Reputation: 1161
Has anyone solved the error: message: compressions['SNAPPY'] = snappy.compress
AttributeError: module 'snappy' has no attribute 'compress'
when reading parquet in python? Btw, is there a way to read whole dir?
I am using python 3
through conda
on mac with snappy
and thrift
installed as per https://pypi.python.org/pypi/parquet
code as follows:
import parquet
import json
import fastparquet
with open(data_in_path + "file.parquet/part-01snappy.parquet", 'rb') as fo:
for row in parquet.DictReader(fo, columns=['id', 'title']):
print(json.dumps(row))
or
df2 = fastparquet.ParquetFile(path).to_pandas()
Upvotes: 0
Views: 3249
Reputation: 411
I had the same issue.
The reason was I installed the wrong python package.
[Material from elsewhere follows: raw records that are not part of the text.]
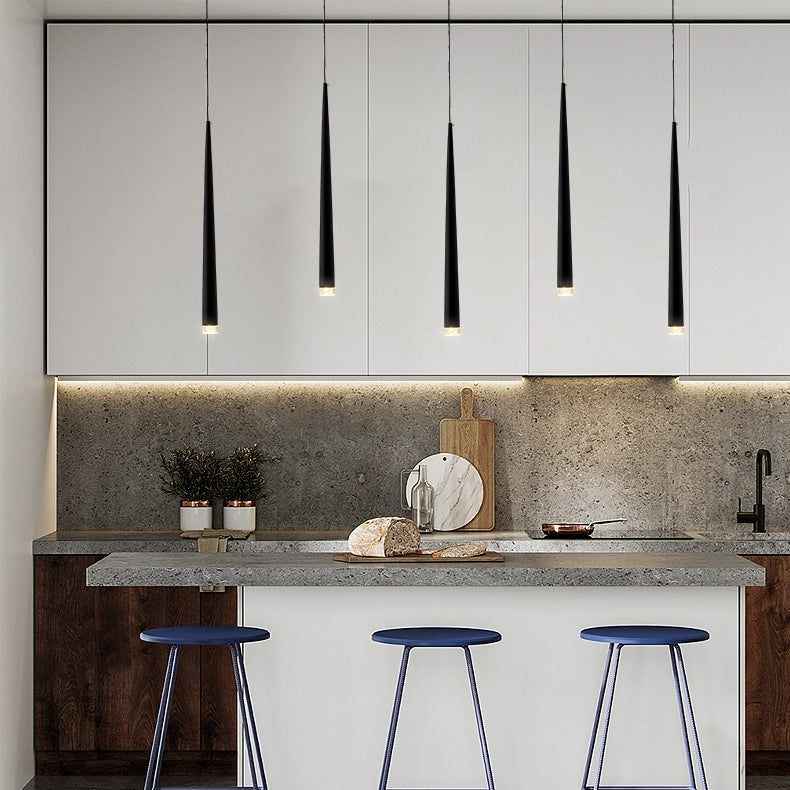 Metal Geometric Shape Hanging Light Modern Style Multi Lights Hanging Light Mount Fixture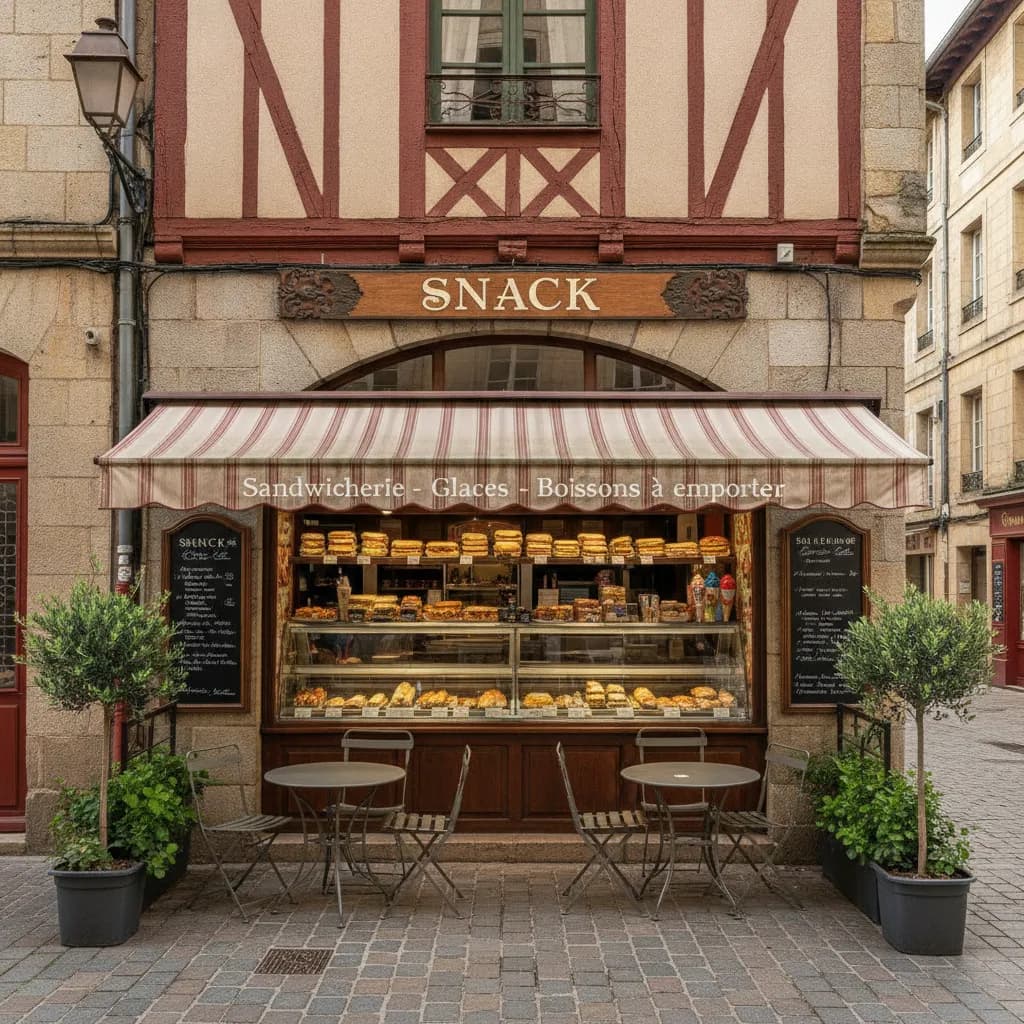 Snack 22m² à Bayonne : terrasse - Image 1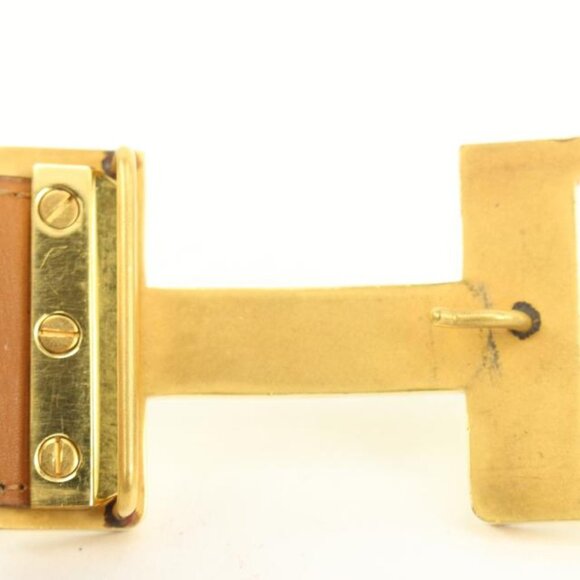 Hermès 42MM Burgundy x Gold H Logo Belt 85h39s main image 11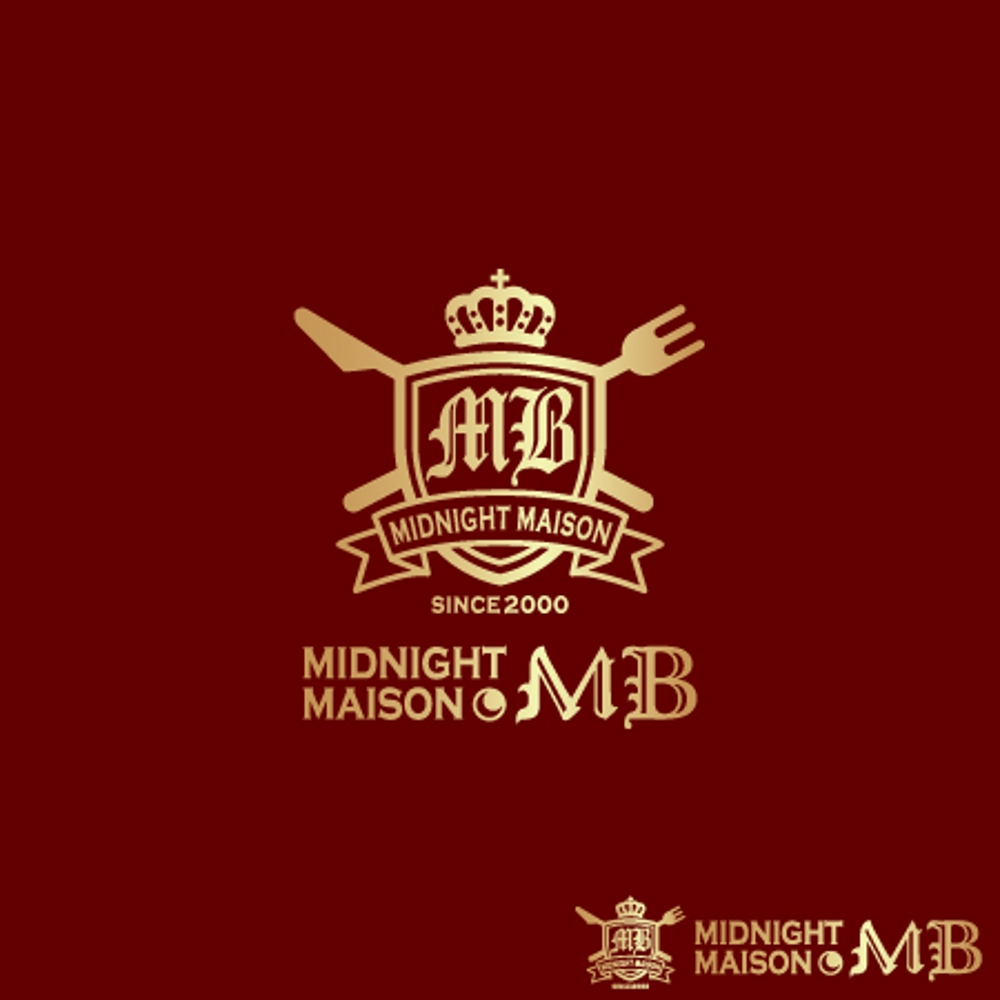 飲食店「midnight maison mb」のロゴ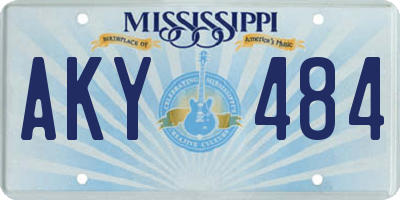 MS license plate AKY484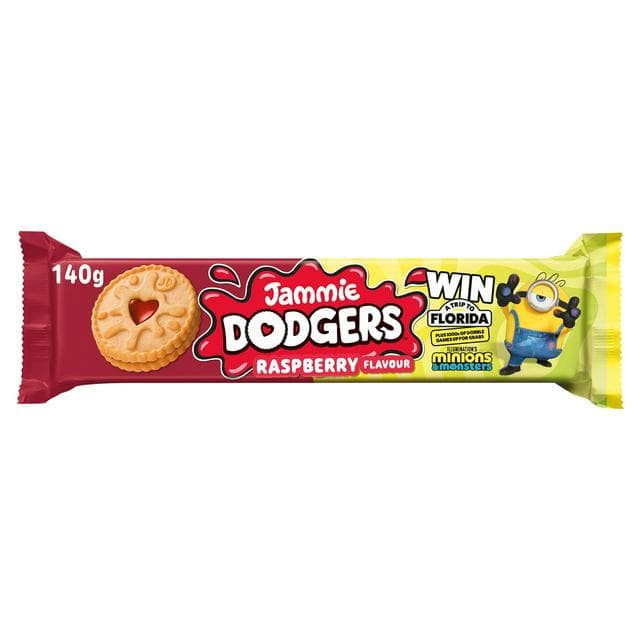 Jammie Dodgers 140g Raspberry Flavour Biscuits - gallery image 1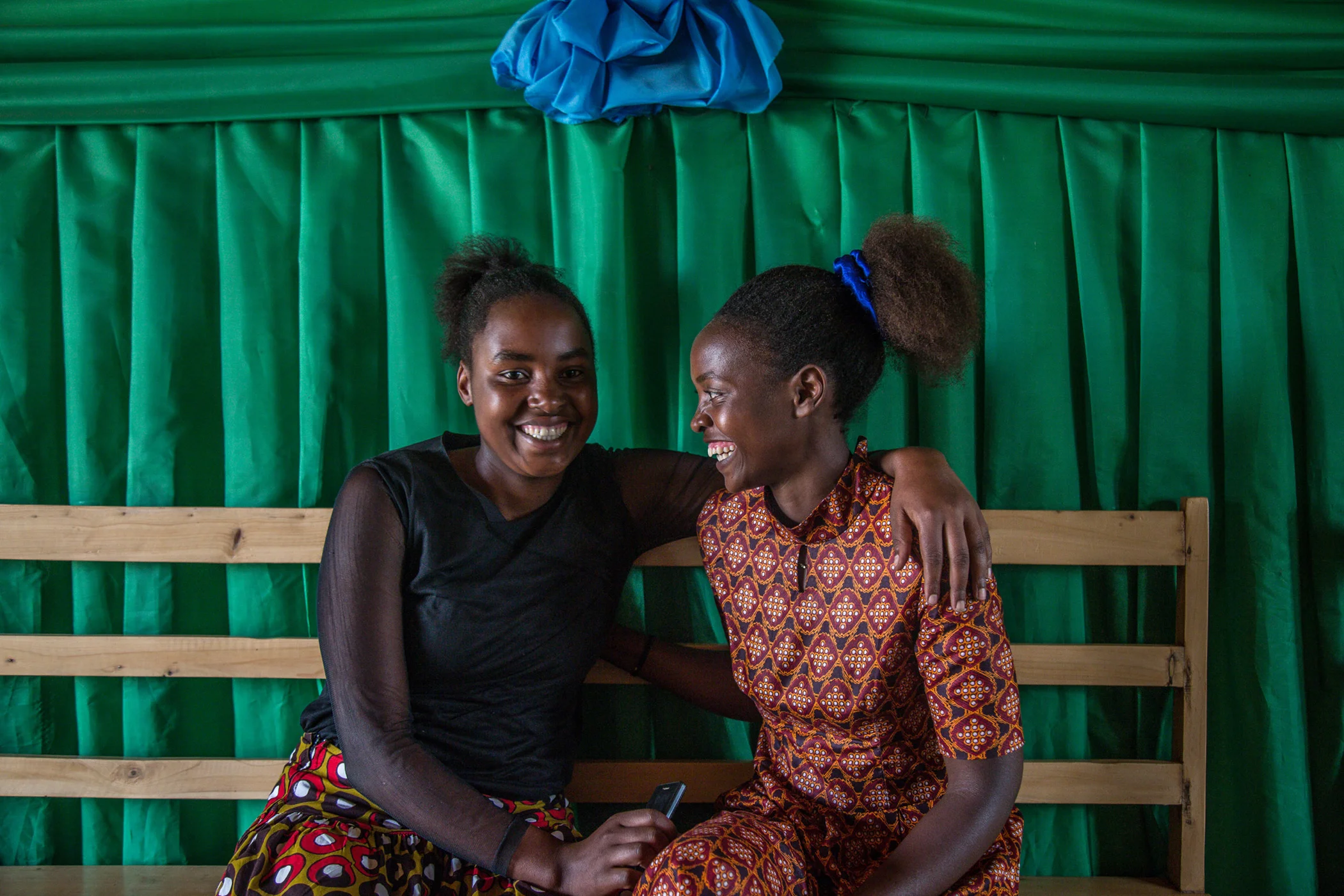 The Imbuto Foundation advances health, education, and youth empowerment in Rwanda. Through its trainings, Joyeuse Mukundente, 23, and Florence Muhawenimana, 25, have learned more about sexual and reproductive health and how to discuss it.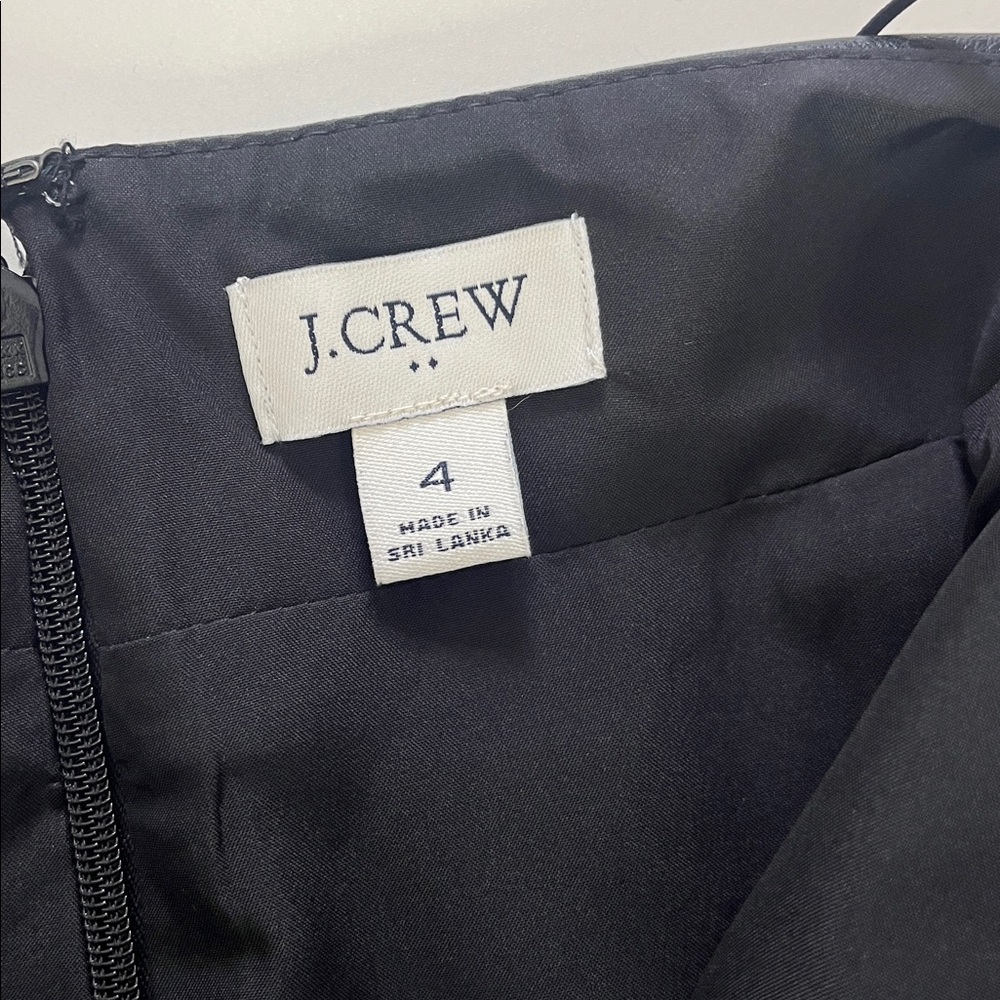J. Crew Faux-leather A-line Mini Skirt NWOT Size 4 Black - Picture 8 of 14
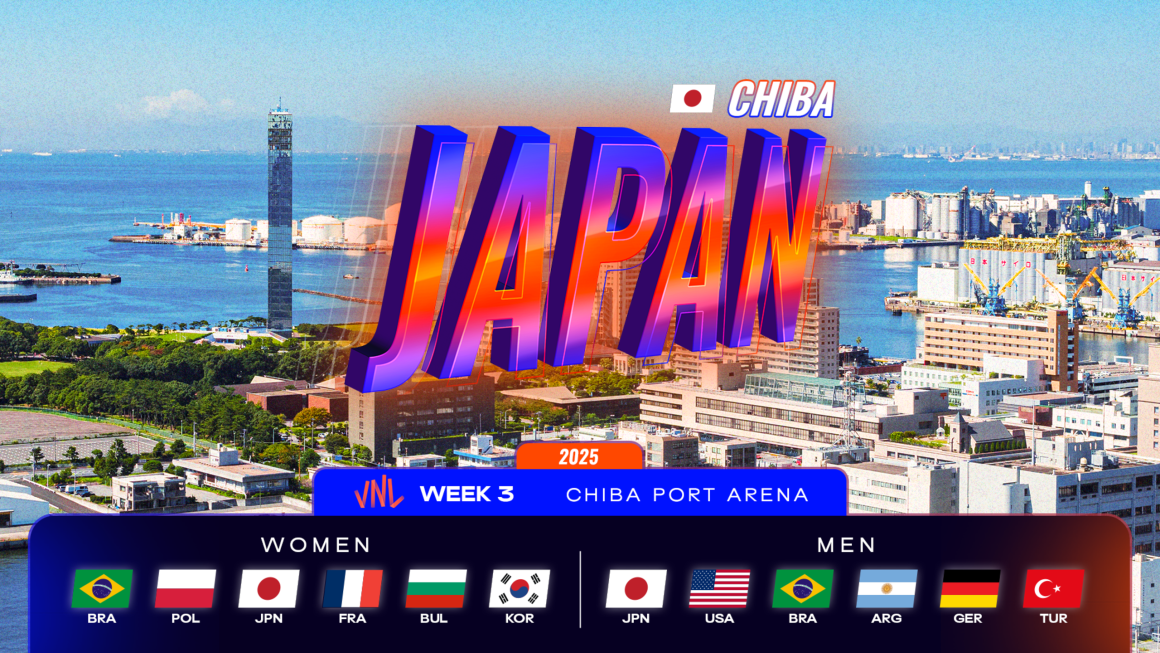 CHIBA TO HOST VNL 2025 POOLS IN JAPAN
You should install python-snappy
instead of snappy
In my case (os x), it was a simple, two step process:
brew install snappy
pip install python-snappy
Upvotes: 2
Reputation: 1161
was not able to find snappy
solution, so I read data in spark
with snappy
and write it back with gzip
after each no issue in python are found:
df.coalesce(1).write.option("overwrite","true").option("compression","gzip").parquet(dfWithGzip.parquet")
Upvotes: 0